WHAT THIS TASK INVOLVES: Give back exactly the line that contains "How to deal" and all the lines after it in the records below, to the very last, with no other output.

MATERIAL PROVIDED:

# # # # #

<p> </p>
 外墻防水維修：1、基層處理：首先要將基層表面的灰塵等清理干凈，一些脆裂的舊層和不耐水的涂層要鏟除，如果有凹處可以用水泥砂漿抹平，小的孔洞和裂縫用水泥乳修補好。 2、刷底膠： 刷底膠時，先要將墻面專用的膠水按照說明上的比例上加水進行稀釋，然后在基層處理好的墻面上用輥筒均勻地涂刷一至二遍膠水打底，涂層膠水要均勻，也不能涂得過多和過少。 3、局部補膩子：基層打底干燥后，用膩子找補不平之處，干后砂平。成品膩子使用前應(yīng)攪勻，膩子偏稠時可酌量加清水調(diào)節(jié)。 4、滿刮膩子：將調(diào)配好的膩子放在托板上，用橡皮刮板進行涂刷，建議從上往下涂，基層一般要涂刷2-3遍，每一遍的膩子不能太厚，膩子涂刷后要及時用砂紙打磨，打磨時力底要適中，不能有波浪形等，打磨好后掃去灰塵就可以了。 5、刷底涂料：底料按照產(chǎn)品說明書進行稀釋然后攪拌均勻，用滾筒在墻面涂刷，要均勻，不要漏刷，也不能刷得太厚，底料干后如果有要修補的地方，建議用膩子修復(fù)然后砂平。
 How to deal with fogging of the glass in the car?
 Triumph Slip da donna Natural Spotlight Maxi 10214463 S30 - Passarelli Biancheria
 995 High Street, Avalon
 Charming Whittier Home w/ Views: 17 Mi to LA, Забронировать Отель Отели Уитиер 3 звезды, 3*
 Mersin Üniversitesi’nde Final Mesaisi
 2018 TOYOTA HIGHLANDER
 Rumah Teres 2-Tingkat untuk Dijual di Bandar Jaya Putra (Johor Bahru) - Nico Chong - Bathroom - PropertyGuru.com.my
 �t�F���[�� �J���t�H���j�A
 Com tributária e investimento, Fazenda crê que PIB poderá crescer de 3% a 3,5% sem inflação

# # # # #

RESPONSE FOR THIS EXERCISE:
 How to deal with fogging of the glass in the car?
 Triumph Slip da donna Natural Spotlight Maxi 10214463 S30 - Passarelli Biancheria
 995 High Street, Avalon
 Charming Whittier Home w/ Views: 17 Mi to LA, Забронировать Отель Отели Уитиер 3 звезды, 3*
 Mersin Üniversitesi’nde Final Mesaisi
 2018 TOYOTA HIGHLANDER
 Rumah Teres 2-Tingkat untuk Dijual di Bandar Jaya Putra (Johor Bahru) - Nico Chong - Bathroom - PropertyGuru.com.my
 �t�F���[�� �J���t�H���j�A
 Com tributária e investimento, Fazenda crê que PIB poderá crescer de 3% a 3,5% sem inflação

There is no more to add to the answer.